We all turned in after our Thanksgiving dinner and talking with our hosts and the other guests about the fun we’d had...after all we’d been up early and packed a lot into the day. We got a little tour of the kitchen before leaving and noted how you can make a blender for the perfect Margarita if you don’t have electricity to spare.
Jim & Layne still were recovering from the flu as the four of us headed off at 5:15 am the next morning on a bird watching trip before breakfast...where was my mind when these starting times were mentioned? Fernando took us back up the road to the Mindo Canopy Adventure, but stopped and said we needed to walk up the hill if we were to spot any Toucans. He’s obviously had a lot of experience and pointed out an amazing variety of birds on our walk.

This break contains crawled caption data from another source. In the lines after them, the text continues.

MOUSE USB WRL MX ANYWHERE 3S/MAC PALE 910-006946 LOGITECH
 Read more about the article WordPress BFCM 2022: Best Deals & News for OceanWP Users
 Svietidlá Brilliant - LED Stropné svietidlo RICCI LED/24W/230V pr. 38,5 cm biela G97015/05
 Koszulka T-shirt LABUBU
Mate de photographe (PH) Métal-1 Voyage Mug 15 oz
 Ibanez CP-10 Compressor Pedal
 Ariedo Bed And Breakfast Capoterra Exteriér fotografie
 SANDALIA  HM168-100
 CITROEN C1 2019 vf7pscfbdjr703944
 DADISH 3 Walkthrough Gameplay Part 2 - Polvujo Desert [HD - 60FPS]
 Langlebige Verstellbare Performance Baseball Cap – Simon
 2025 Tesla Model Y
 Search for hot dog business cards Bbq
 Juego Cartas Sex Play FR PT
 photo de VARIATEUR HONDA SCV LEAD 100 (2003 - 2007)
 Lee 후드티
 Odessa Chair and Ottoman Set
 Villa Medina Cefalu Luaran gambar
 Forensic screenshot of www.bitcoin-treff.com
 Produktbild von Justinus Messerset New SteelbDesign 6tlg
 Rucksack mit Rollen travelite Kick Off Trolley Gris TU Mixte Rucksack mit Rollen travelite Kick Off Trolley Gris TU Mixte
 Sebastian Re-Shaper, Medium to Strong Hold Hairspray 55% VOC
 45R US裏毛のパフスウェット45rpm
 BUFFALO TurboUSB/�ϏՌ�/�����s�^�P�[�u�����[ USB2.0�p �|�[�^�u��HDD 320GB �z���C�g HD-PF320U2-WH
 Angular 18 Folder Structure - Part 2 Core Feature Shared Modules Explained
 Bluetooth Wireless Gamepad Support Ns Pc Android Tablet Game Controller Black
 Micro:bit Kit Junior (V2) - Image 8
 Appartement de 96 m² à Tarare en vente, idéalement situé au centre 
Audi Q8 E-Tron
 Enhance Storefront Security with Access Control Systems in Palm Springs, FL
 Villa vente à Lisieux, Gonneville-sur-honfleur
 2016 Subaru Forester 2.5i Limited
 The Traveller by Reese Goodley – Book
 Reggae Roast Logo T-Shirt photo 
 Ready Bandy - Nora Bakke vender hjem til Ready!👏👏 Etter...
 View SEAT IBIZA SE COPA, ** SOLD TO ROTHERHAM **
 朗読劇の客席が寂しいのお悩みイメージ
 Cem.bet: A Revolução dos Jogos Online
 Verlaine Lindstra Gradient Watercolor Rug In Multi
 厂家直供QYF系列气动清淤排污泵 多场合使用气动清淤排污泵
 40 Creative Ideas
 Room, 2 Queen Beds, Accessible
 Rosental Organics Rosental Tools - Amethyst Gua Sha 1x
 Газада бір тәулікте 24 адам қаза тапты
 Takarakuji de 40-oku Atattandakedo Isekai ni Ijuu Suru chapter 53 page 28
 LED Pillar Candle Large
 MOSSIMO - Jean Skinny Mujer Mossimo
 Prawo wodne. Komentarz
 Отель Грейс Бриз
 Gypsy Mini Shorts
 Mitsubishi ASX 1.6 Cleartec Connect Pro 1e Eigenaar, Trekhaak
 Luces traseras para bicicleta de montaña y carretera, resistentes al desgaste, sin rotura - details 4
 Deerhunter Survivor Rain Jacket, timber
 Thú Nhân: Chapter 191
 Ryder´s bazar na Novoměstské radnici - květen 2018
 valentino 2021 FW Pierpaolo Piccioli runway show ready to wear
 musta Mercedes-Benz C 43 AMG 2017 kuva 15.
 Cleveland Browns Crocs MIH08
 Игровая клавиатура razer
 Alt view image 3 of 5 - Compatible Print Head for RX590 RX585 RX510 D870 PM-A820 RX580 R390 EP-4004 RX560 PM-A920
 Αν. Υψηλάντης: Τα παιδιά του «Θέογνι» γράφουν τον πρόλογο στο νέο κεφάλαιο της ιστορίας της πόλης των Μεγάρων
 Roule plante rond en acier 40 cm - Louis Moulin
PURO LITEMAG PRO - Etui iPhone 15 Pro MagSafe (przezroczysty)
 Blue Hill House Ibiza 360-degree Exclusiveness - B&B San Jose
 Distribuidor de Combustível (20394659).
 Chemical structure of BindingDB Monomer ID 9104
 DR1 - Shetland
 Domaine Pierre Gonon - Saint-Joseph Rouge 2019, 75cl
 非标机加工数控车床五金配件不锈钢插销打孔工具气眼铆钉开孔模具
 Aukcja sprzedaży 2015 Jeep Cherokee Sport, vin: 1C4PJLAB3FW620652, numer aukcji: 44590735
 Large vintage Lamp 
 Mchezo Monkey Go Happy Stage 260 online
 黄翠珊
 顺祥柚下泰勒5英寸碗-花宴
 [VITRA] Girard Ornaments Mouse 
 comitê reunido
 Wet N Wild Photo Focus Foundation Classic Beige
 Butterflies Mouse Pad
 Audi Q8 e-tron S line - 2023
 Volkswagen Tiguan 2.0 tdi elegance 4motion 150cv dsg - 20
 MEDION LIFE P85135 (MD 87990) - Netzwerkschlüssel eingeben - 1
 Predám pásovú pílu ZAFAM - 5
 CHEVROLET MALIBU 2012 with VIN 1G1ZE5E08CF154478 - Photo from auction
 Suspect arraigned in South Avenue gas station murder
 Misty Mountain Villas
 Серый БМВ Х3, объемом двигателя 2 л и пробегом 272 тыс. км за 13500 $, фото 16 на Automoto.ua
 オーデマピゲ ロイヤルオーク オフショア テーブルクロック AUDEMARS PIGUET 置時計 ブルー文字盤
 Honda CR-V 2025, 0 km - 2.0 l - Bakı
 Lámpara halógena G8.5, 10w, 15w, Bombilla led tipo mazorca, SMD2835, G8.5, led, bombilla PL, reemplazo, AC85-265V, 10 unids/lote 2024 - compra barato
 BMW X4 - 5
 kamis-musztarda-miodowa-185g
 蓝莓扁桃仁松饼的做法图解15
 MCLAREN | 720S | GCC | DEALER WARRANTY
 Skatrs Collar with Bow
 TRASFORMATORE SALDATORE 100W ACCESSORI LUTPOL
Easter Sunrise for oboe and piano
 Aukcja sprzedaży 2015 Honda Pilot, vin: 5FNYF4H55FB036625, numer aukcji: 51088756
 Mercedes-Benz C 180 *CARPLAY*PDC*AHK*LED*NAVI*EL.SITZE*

Once again, the early start was well worth it...especially in retrospect. Back to the lodge for breakfast and to get our stuff packed up. One more adventure here before we return to Quito...a river rafting this afternoon. I didn’t think the little river by the lodge was anything special, but it was fabulous to raft it in a set of inner tubes with your friends. Jim was still pretty shaky and decided to get some more rest but Layne came down to be with the chase and film crew. The float was about a half an hour but it certainly was one of the favorite floats of my life (so far...).
After getting changed into dry clothes and thanking everyone we’d met here for such a wonderful time, we piled back into the little van for the trip back to the big city. Jim was looking quite pale but was able to stay upright in his seat and avoid any moaning during the two hour ride. We checked into our Hotel arranged by Viking with no problems. Jim went to bed and the five of us had a mixed grill (mostly meat) dinner. Sam and Martha were coming in at 10:30 pm, so we stayed up to welcome them. They got to the hotel about 11:30 so we had a mini meet and greet and we all called it a day! Tomorrow starts the actual Viking cruise itinerary.
(I am shocked that with all the fun we've had so far, this has only been the warm-up to the actual Galapagos trip!)